§ TASK TO CARRY OUT: The answer must consist solely of the lines below starting at the one containing "Yuri Sardarov Biography" and ending at the one containing "Chelsea step up interest in Palace’s Lacroix", repeated exactly, with both ends included and all pictures omitted.

§ RECORDS TO PROCESS:
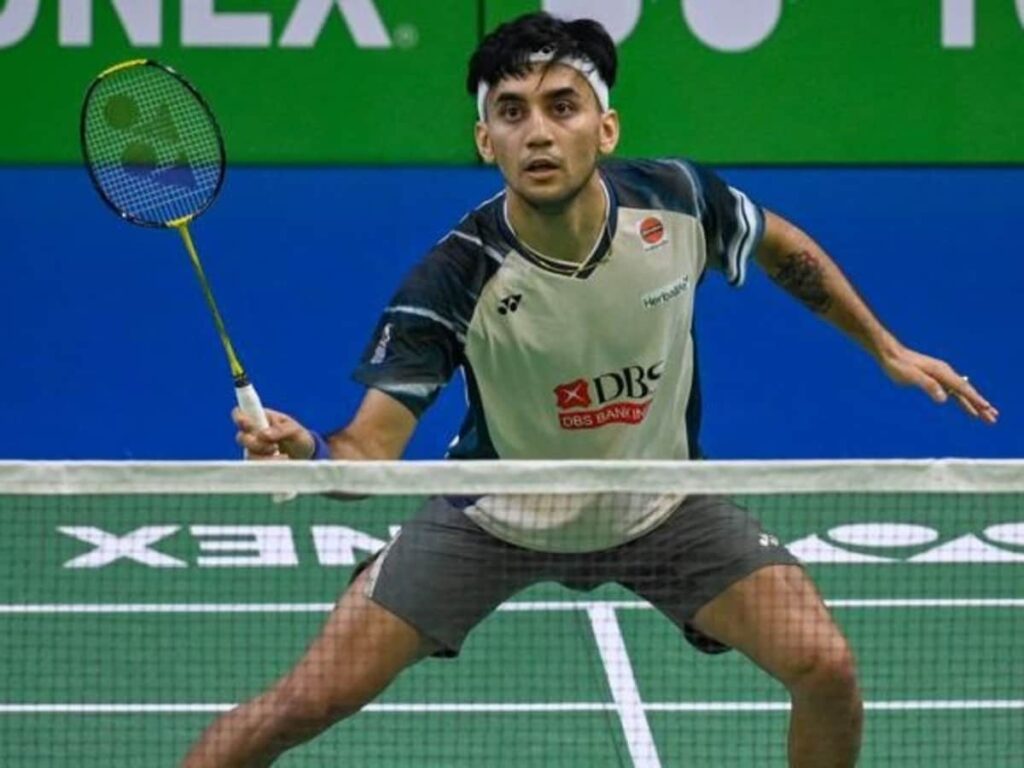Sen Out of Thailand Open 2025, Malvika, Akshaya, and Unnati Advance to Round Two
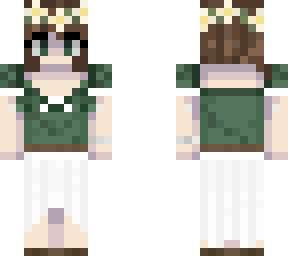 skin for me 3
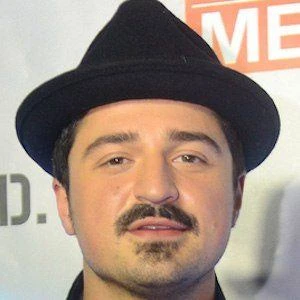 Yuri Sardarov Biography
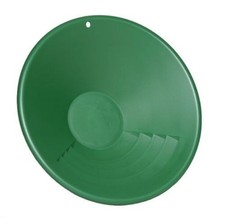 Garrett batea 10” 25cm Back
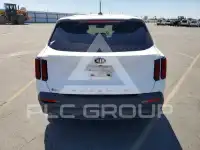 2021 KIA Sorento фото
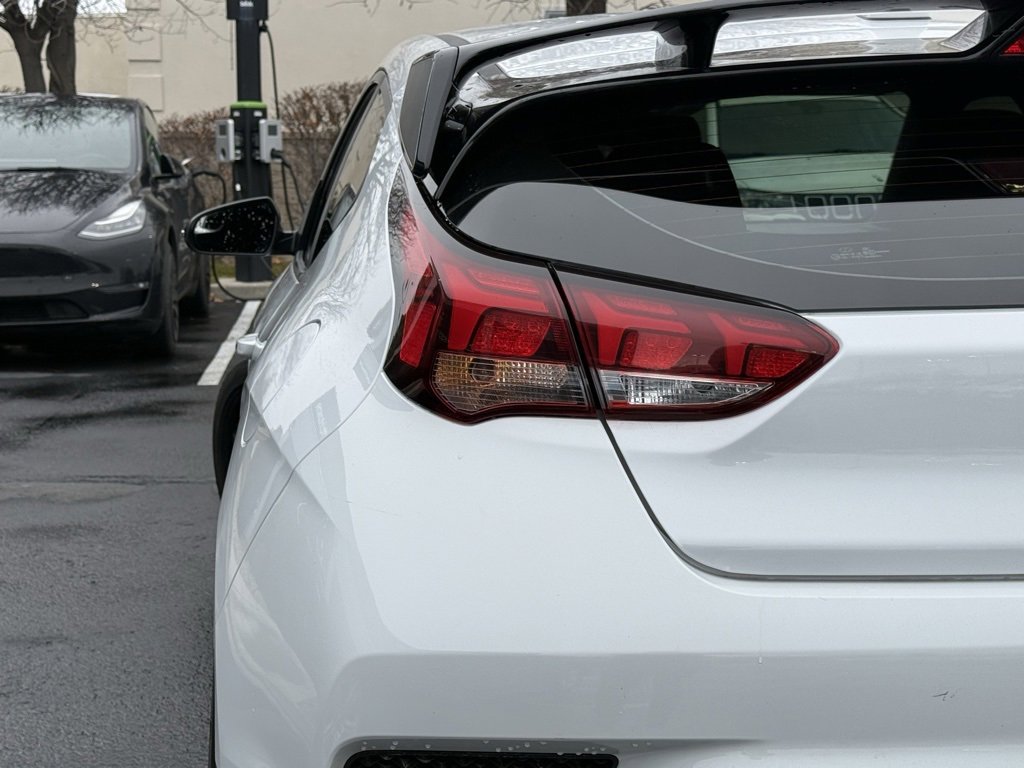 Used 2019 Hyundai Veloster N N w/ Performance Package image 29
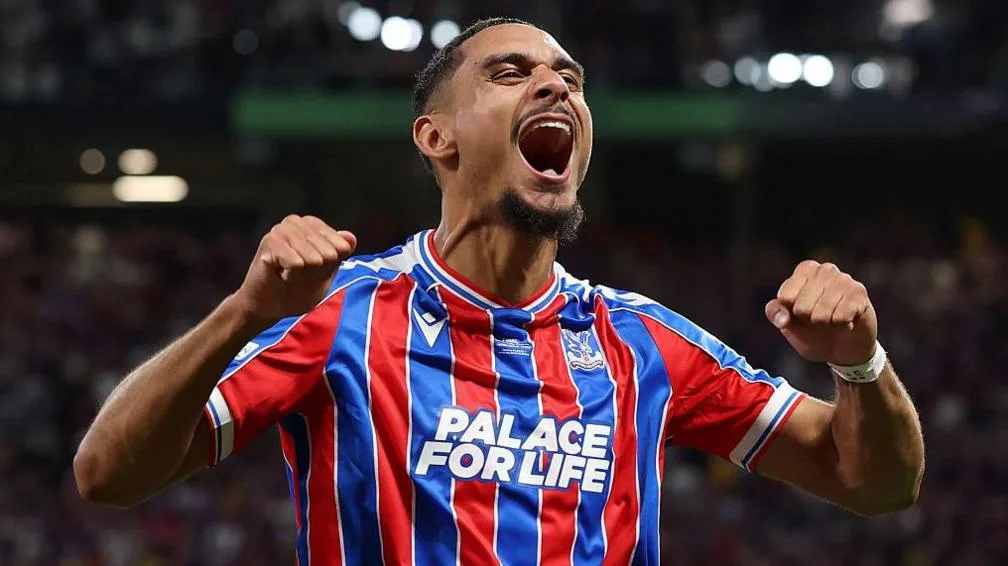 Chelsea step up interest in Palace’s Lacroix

--

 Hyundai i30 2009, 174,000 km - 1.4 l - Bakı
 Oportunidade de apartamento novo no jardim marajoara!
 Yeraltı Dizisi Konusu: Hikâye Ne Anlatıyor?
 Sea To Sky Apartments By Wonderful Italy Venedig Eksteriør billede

* * *

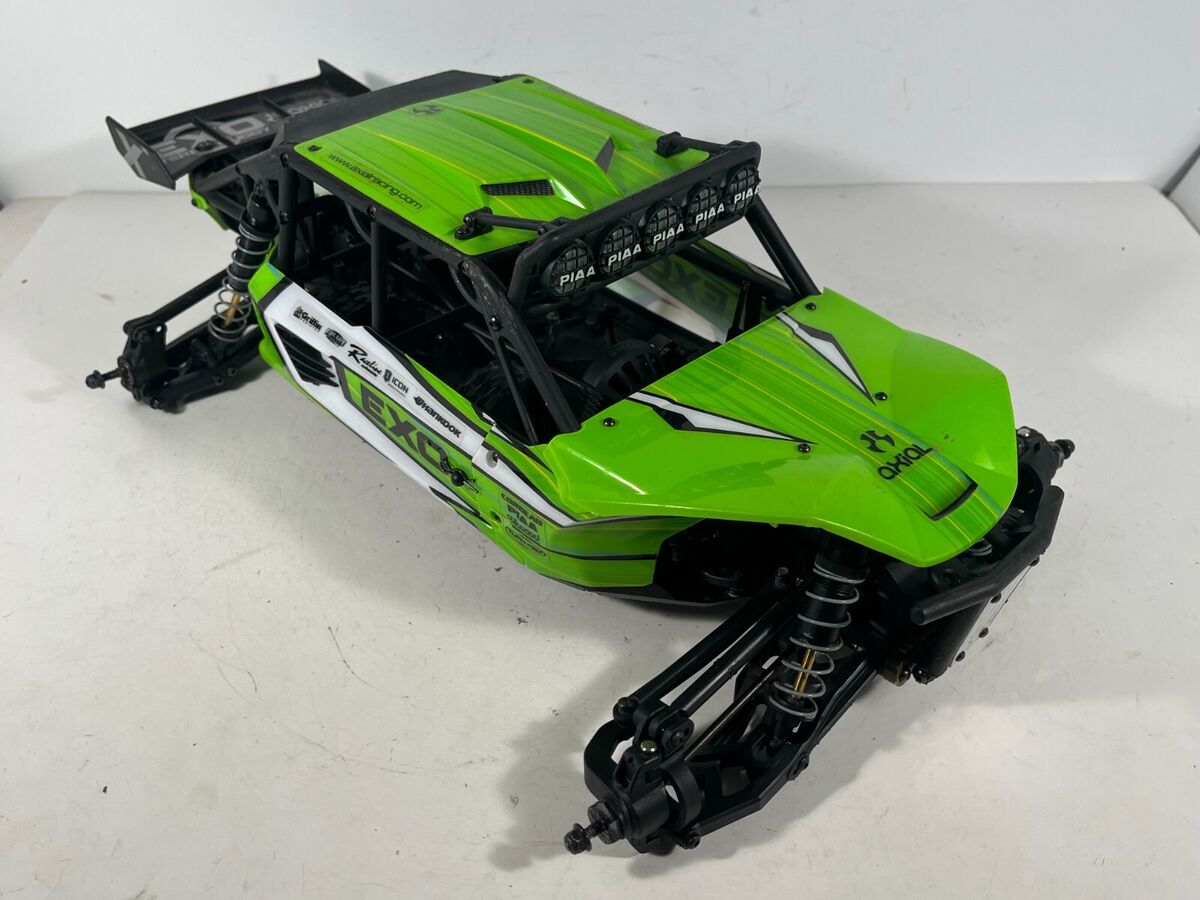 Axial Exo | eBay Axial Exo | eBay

§ ANSWER SECTION:
 Yuri Sardarov Biography
 Garrett batea 10” 25cm Back
 2021 KIA Sorento фото
 Used 2019 Hyundai Veloster N N w/ Performance Package image 29
 Chelsea step up interest in Palace’s Lacroix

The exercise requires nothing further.